Screen Shot 2021-02-01 at 12 33 45 PM
davesargrad commented 3 years ago

@glenn-jocher as you thought.. when i use the CPU I get proper identification.

image

image

Thanks very much. Assuming that I continue to isolate environment problems, I will be sure to post what I learn here. Hopefully that will help contribute to your growing knowledge base.
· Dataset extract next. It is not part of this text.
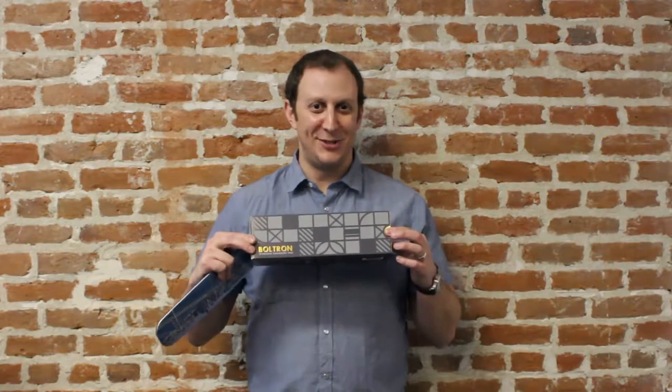The Boltron is your all-in-one perfect companion for your house or your office where you can charge multiple devices at one time, plus it comes in really cool fun packaging. The Boltron — so fast, so furious, so lightning Boltron.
wudashuo commented 3 years ago

Yes, there is a problem with detecting on Windows, and I raised an issue about this. It seems like something wrong with the PyTorch 1.7 Windows version. And the Linux version works fine. You can find more details in my issue #1625

github-actions[bot] commented 3 years ago

This issue has been automatically marked as stale because it has not had recent activity. It will be closed if no further activity occurs. Thank you for your contributions.